Neil is an arthouse release from Canada. The film appears to have been shot, cast and put together with a crew from among an East European immigrant community (at least going by the names on the credits). Director Boris Mojsovski is himself an emigre from Sarajevo, while his co-writer Ognen Georgievski hails from Macedonia.

The problem with Neil is that it has a number of themes and elements – cloning, experiments in astral projection, a story structure that involves a protagonist’s conceptual breakthrough about his world – that would make for a good science-fiction film.

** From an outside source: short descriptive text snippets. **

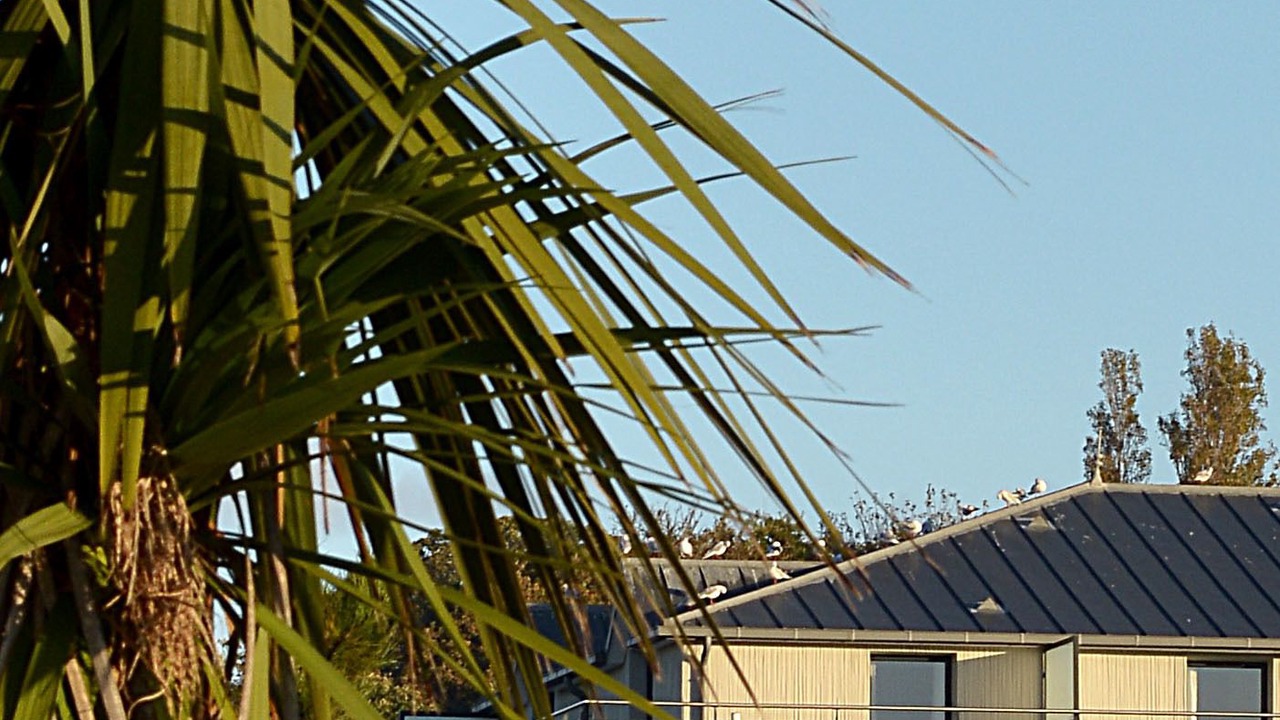 Photo of Outdoor in Concarneau
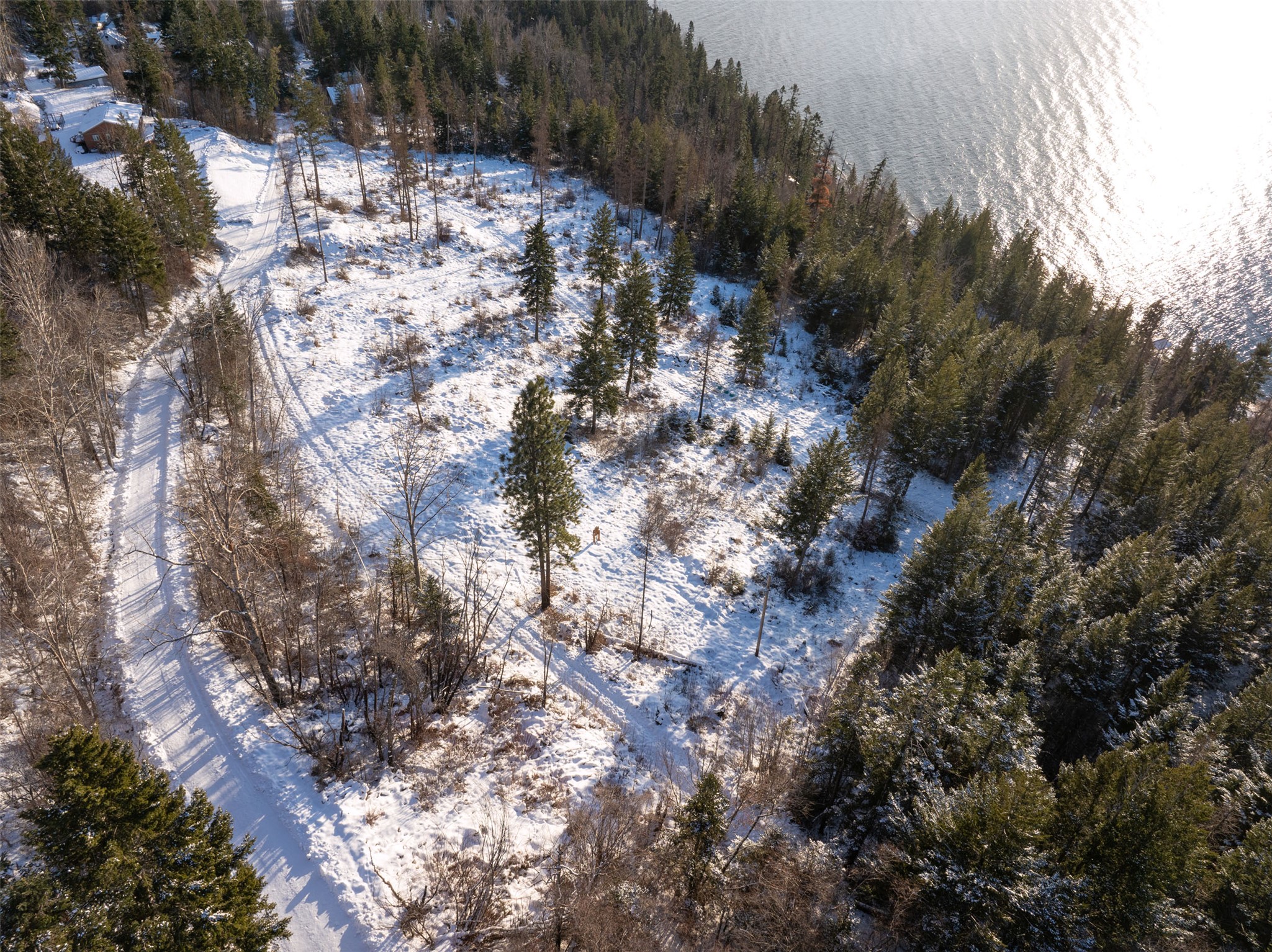 Bigfork, Montana 59911, United States, ,Land,Active,15406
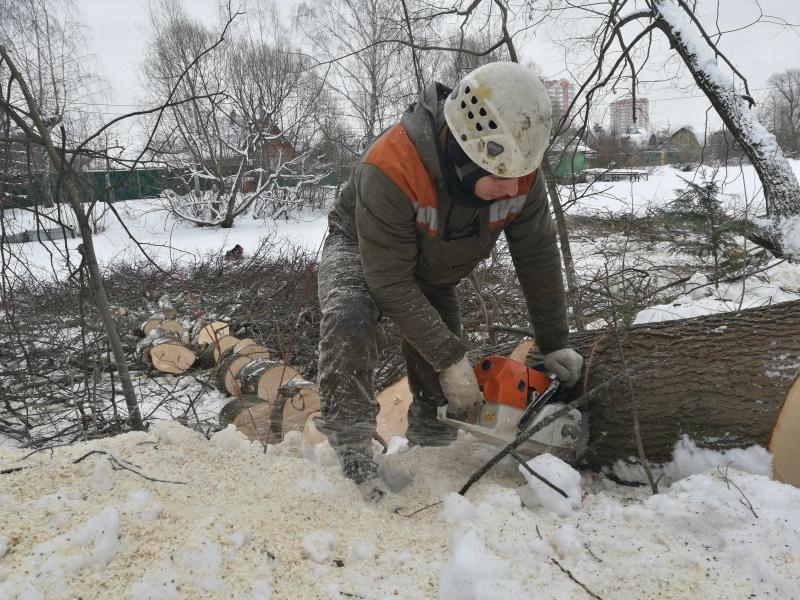 Александр:  Валка, рубка, обрезка и удаление деревьев в Дмитрове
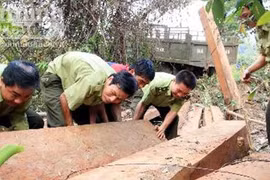 Bị bắt gỗ, lâm tặc rải đinh chống kiểm lâm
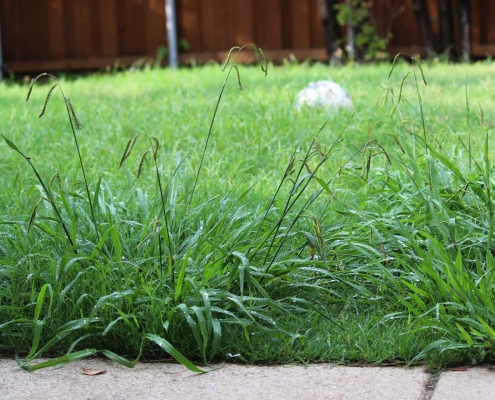 Overgrown weeds in the backyard, Crab Grass Weed in the Lawn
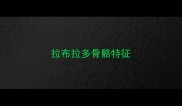 拉布拉多骨骼特征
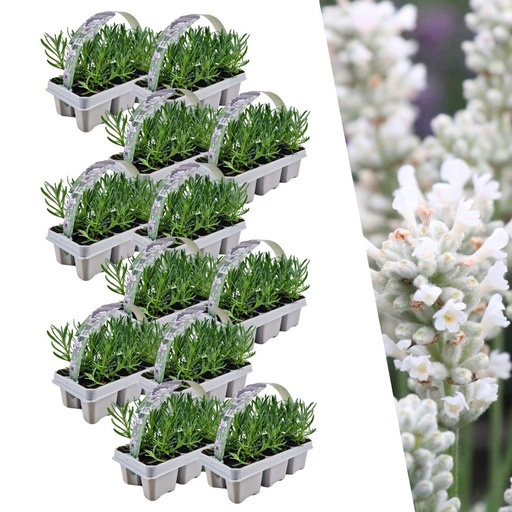 "12 x 6 Set Lavendel angustifolia Weiß - 72 x Ø7 cm - ↕15 cm image"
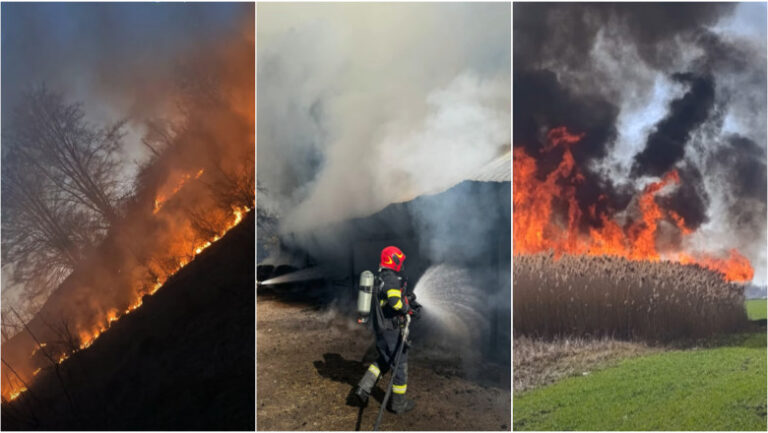 barbat-mort-intr-un-incendiu-de-vegetatie-in-bihor.-peste-120-de-hectare-au-fost-cuprinse-de-flacari-in-weekend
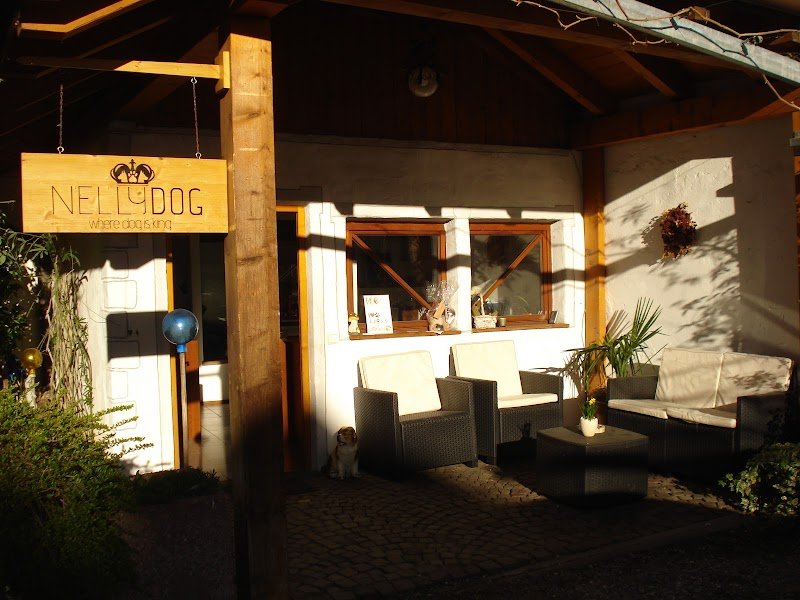 Hundesalon Nellydog - Salone per cani Nellydog - Foto 6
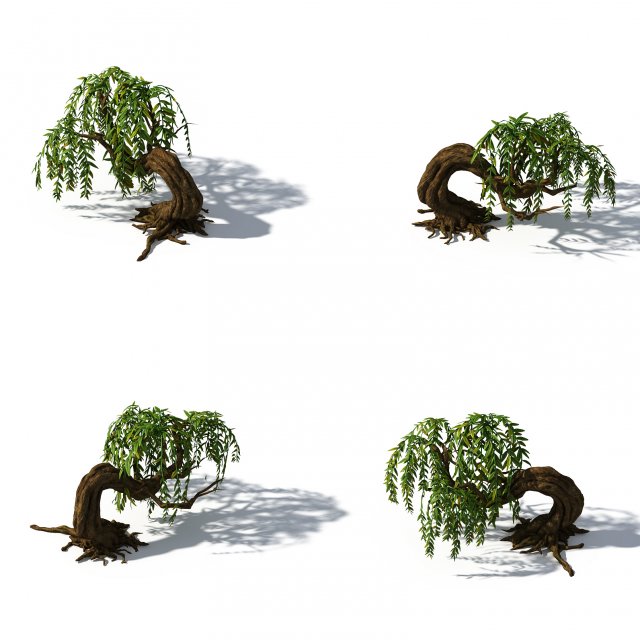 Peach Blossom Island – Plant – Willow 01 3D Model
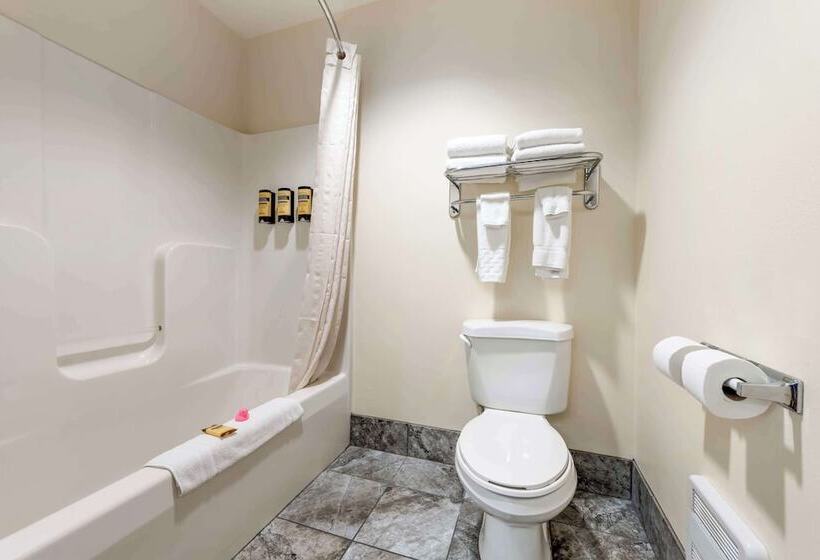 Люкс, Best Western Plus Eau Claire Conference Center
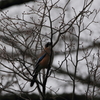 上高地野鳥探索(カケス)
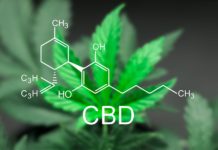 A controversial new study reports cannabis may not be as helpful in treating chronic pain as believed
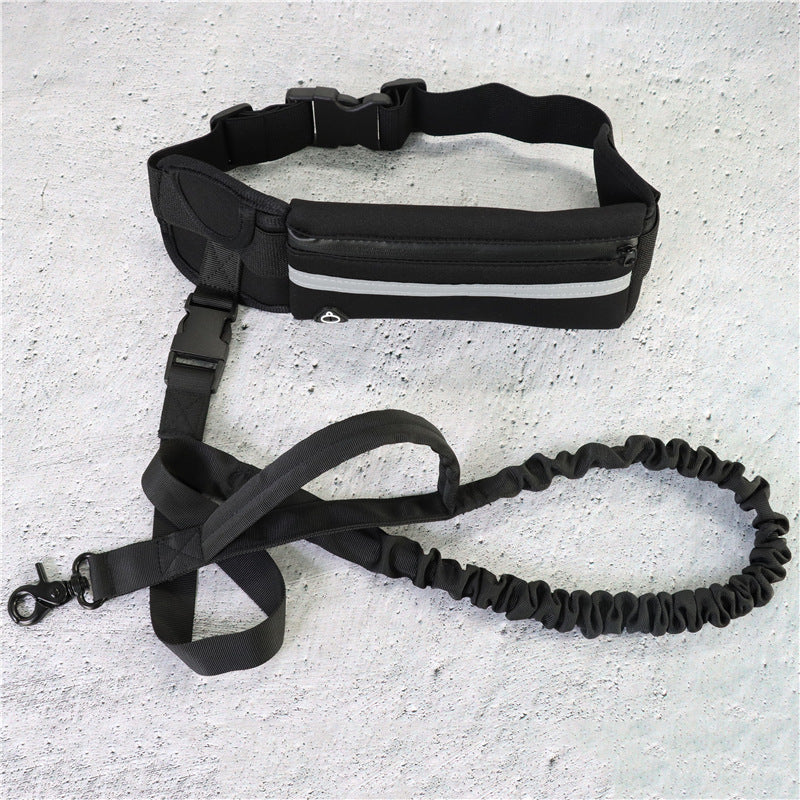 Laisse mains libres pour chien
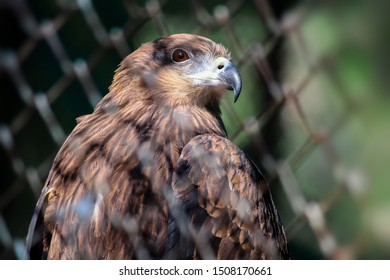 Eagle Hawk Looking Straight Eagle Hawk Stock Photo 1508170661 ...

Unfortunately, director/co-writer Boris Mojsovski has chosen to make it as an arthouse film. The material could have worked well if it had been made with an awareness of genre confines and pacing, even as a B-budget film. Instead, Boris Mojsovski has pitched the film to the indie crowd and this is an approach that almost entirely kills all possibilities that Neil has as a science-fiction or even an interesting film. Alas even the indie crowd didn’t seem interested in the film – as far as one knows, this is the only review of Neil that exists on the web.

Everything has been filmed in slow, deliberate shots. It is all laid over by a piano and string quartet score – the sort that is usually played as subdued background muzak in the lobbies of expensive hotels. Nothing dramatic ever seems to happen – the film is almost all slow mood and vague, cryptic exchanges between actors, the sort where the audience watching are not invited to participate but left guessing. The film has been dressed with a total minimalism – though it takes place in a multiple-story building, the various rooms are bare and the dressings completely spartan. You get the feeling that the set dresser was engaged in a competition to see if they could compact all that was needed to outfit the film into a single suitcase.

The first half of the film seems interminably dull but it does pick up somewhat during the second when Boris Mojsovski starts to put some conceptual spins on what is happening [PLOT SPOILERS] – where it is revealed that everything has been set up by the military, including Neil’s relationship with his psychologist; where the mystery ghost woman (Mary Krohnert) visits the hero (Greg Bryk) and tells him about his past life married to her in Croatia; and where Neil’s ‘mother’ reveals that he is a clone. There is one haunting scene where Greg Bryk is forced to undertake a demonstration and show Ingrid Veninger how to astrally project and as she leaves her body, the ghostly Mary Krohnert appears and sinisterly leads her off to a room, while behind Veninger’s body expires. The film reaches a frustrating non-ending where Greg Bryk finally overcomes his agoraphobia and leaves the building, goes to visit his aging donor self, puts poison in the donor’s drink and the film fades out as he toasts his other self as they drink the poison.